Organisers prepare for Picnic leftovers


Electric Picnic organisers are preparing for a massive clean-up operation as the circus of music and arts drew to a close today.

More than 32,000 mud-splattered revellers partied through heavy showers in Co Laois in the final hours of the three-day extravaganza.

As the grounds of the 18th century Stradbally Hall rocked to top bands, hurling fans embarked on a mini-exodus to nearby pubs to watch the all-Ireland final.

Stradbally Hall’s owner, Thomas Cosby, said festival co-ordinators had been well prepared for the wet weather.

“We’ve had a big amount of rain but things have gone smoothly and according to plan,” he said. “We have taken some precautions with the car parks — we have friendly farmers on tractors on hand to pull out any cars that get stuck in the mud.”

An extensive clean-up will take place in coming days to clear away rubbish and abandoned tents from the 450 acre site.

Mr Cosby said it would be up to two months before the estate was back to normal. “It’s hard work — we take toothbrushes to each blade of grass,” he joked.

“Everything has to be reseeded, fences need to be put back up, and stock put back on the land — we have about 500 sheep on holiday in Kildare at the moment.”

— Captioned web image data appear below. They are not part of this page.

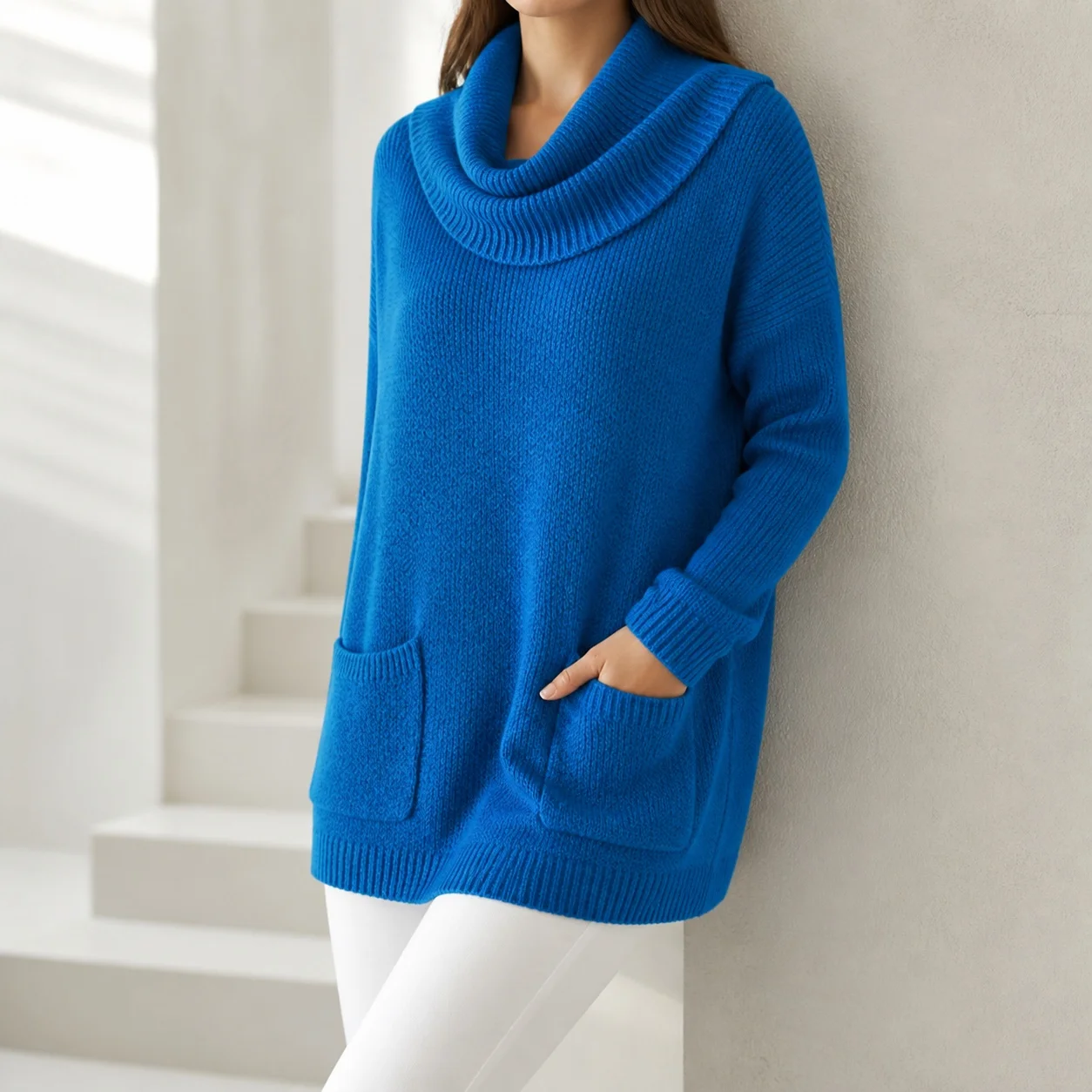 Women's Winter Clothing Women's Winter Sweater U Neck Long Sleeve Loose Fit Medium Weight Solid Color with Front Pockets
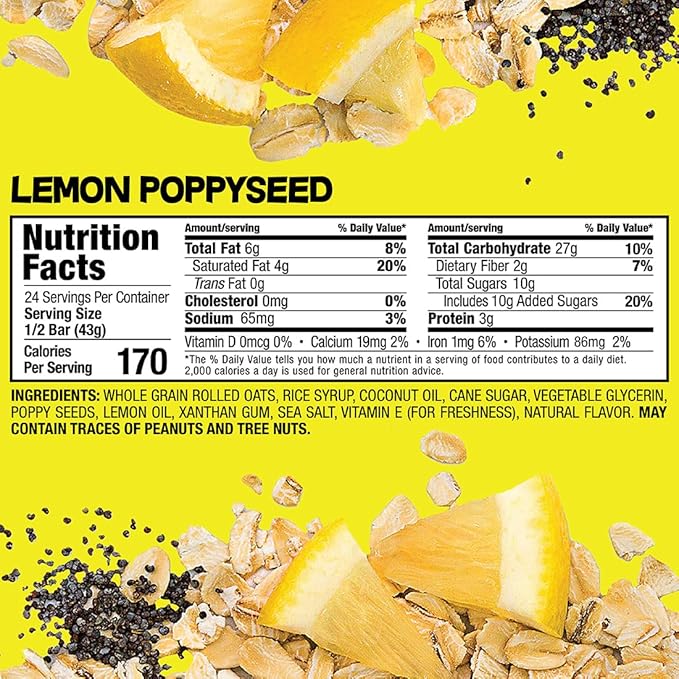 Bobo's Oatmeal Bars, Lemon Poppyseed, Gluten Free Vegan Whole Grain Oat Bars, Pack of 12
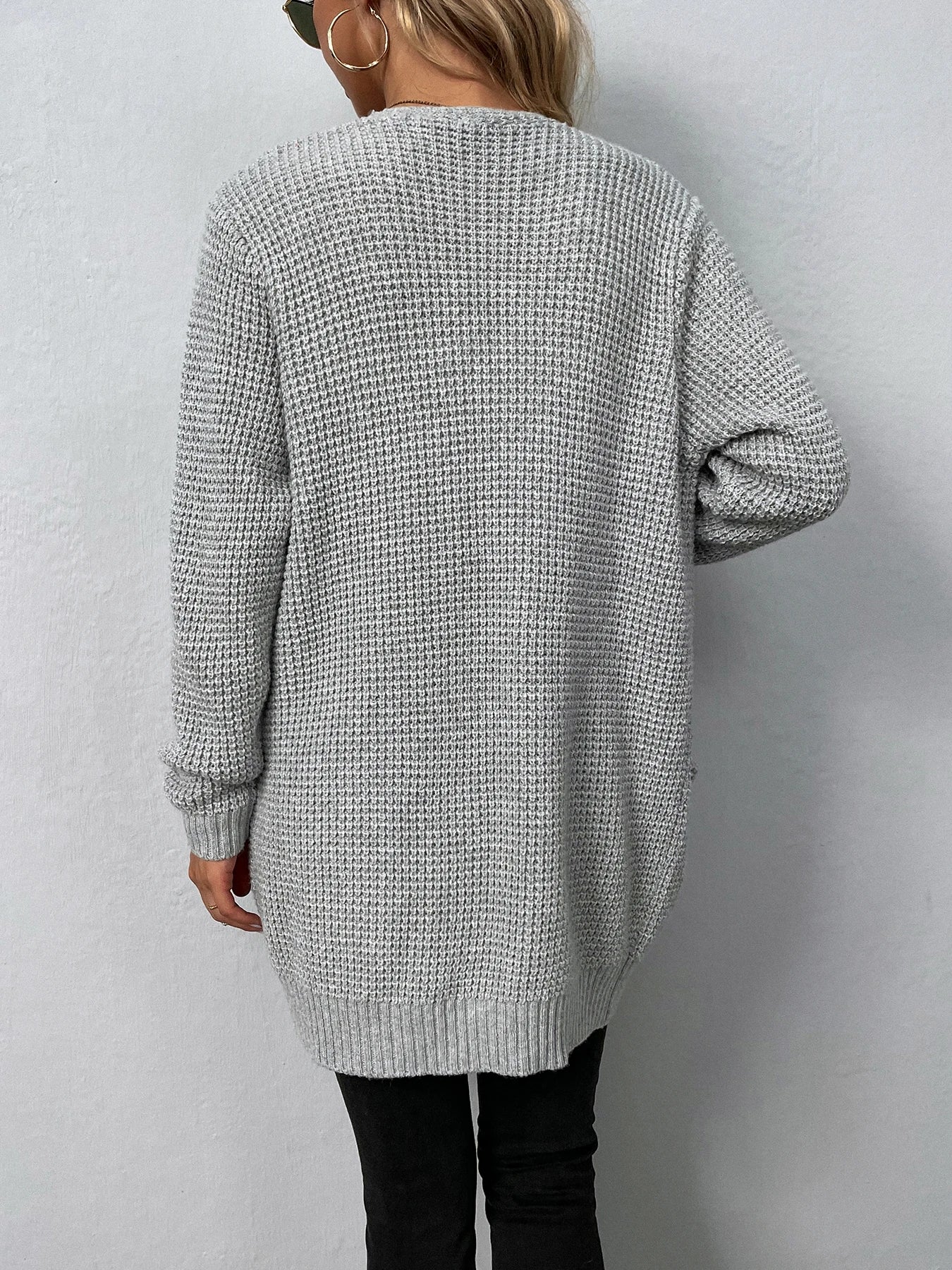 Relaxed Open Front Knit Cardigan with Front Pockets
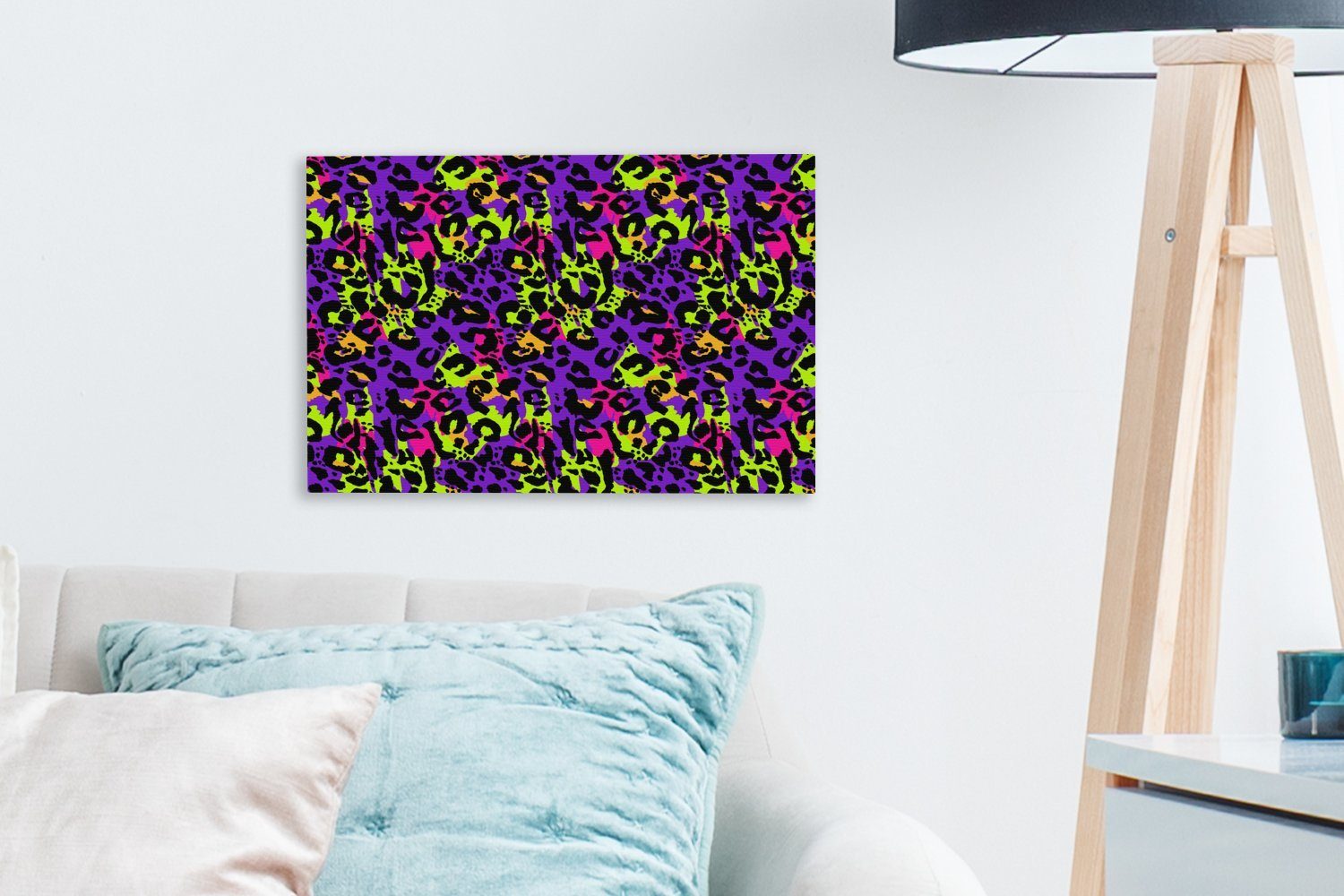 Leinwandbild Wanddeko, (1 OneMillionCanvasses® St), - 30x20 cm Leinwandbilder, - Neon - Wandbild Lila Pantherdruck Aufhängefertig, Gelb,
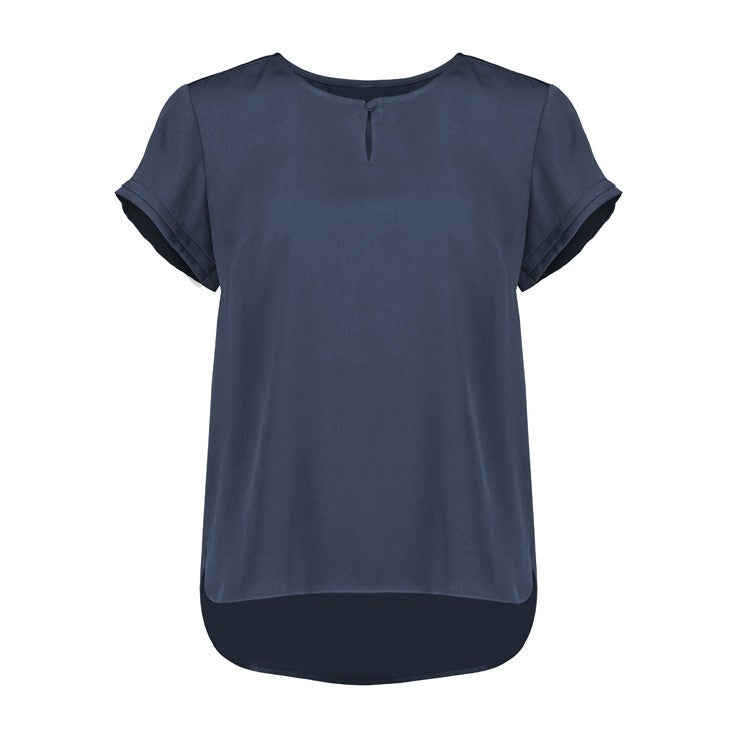 Biz Corporates Evelyn Womens Short Sleeve Blouse RU569LS in Mineral Blue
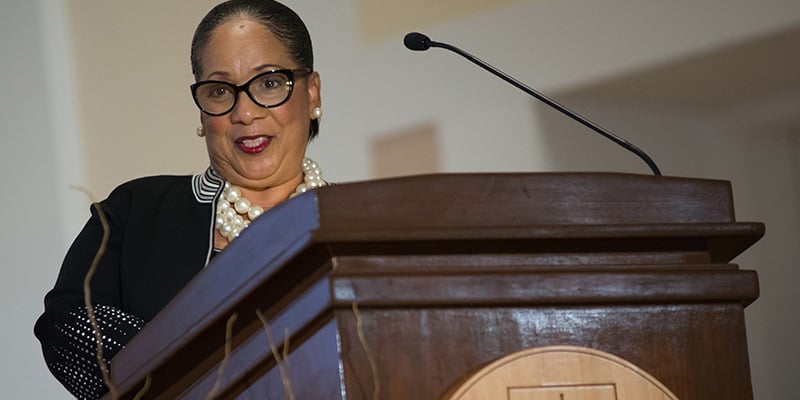 Sheyann Webb-Christburg speaking at a podium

Gardaí said there were no major incidents reported at the event, which boasted performances from Florence and the Machine, Beach Boy Brian Wilson, and Irish singer Lisa Hannigan.

With eco workshops, comedy gigs and a relaxing Body and Soul area, lead singer of Kildare band Bell X1 Paul Noonan said the festival was about more than just the music.

“There’s so much going on — I’ve seen some great spoken word things here that have put fire in my belly,” he said. “You don’t feel the focus is on ramming as many people as possible into a site and herding them around like cattle. It feels a lot more human.”

Organisers were keen to have a child-friendly focus this year, with the family camping area’s capacity tripled to 1,500 places.